> **Available data**:
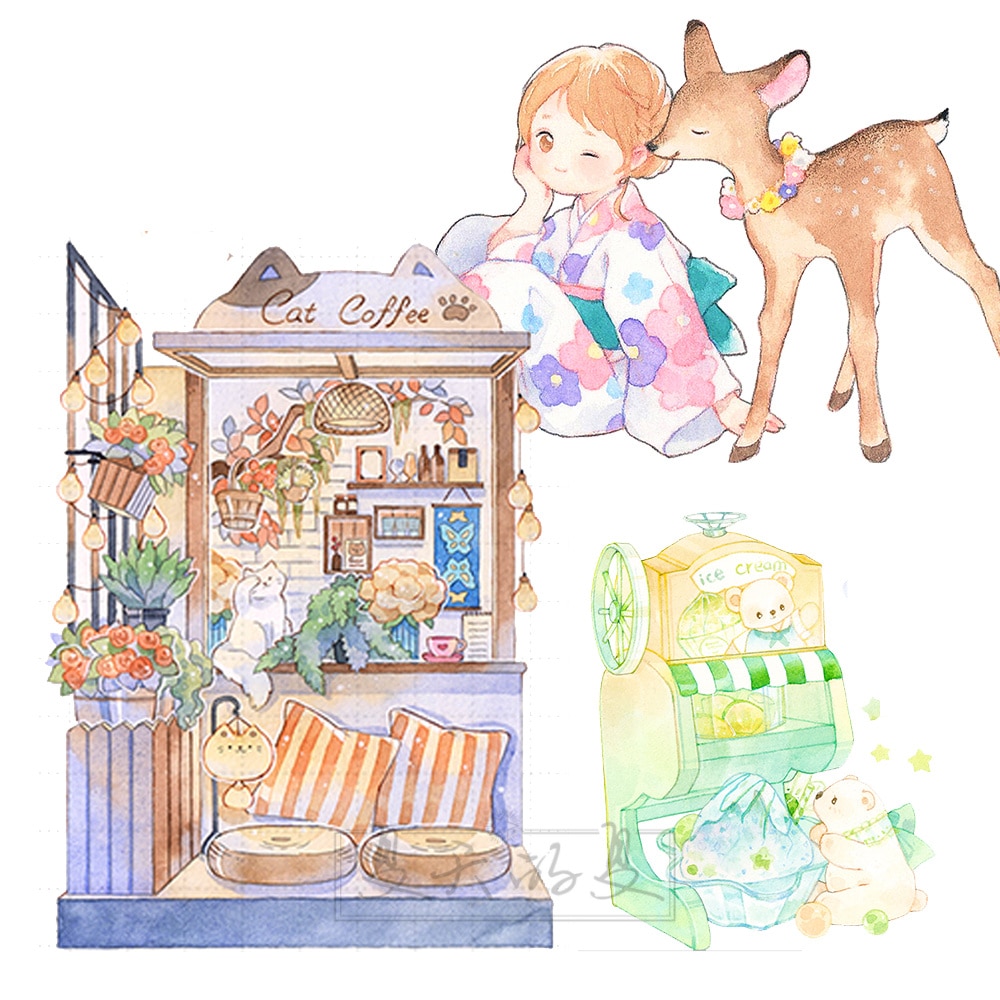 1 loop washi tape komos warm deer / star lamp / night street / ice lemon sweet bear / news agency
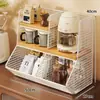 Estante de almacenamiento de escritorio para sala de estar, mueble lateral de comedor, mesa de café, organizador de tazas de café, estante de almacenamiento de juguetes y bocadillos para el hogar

* * *

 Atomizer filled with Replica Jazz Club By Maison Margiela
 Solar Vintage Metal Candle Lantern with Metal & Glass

> **Task item**:
Output exactly the lines of the listing above that start with the one holding "1 loop washi" and go on through the one holding "Estante de almacenamiento de escritorio"; leave the pictures out.

> **Exercise answer**:
 1 loop washi tape komos warm deer / star lamp / night street / ice lemon sweet bear / news agency
 Estante de almacenamiento de escritorio para sala de estar, mueble lateral de comedor, mesa de café, organizador de tazas de café, estante de almacenamiento de juguetes y bocadillos para el hogar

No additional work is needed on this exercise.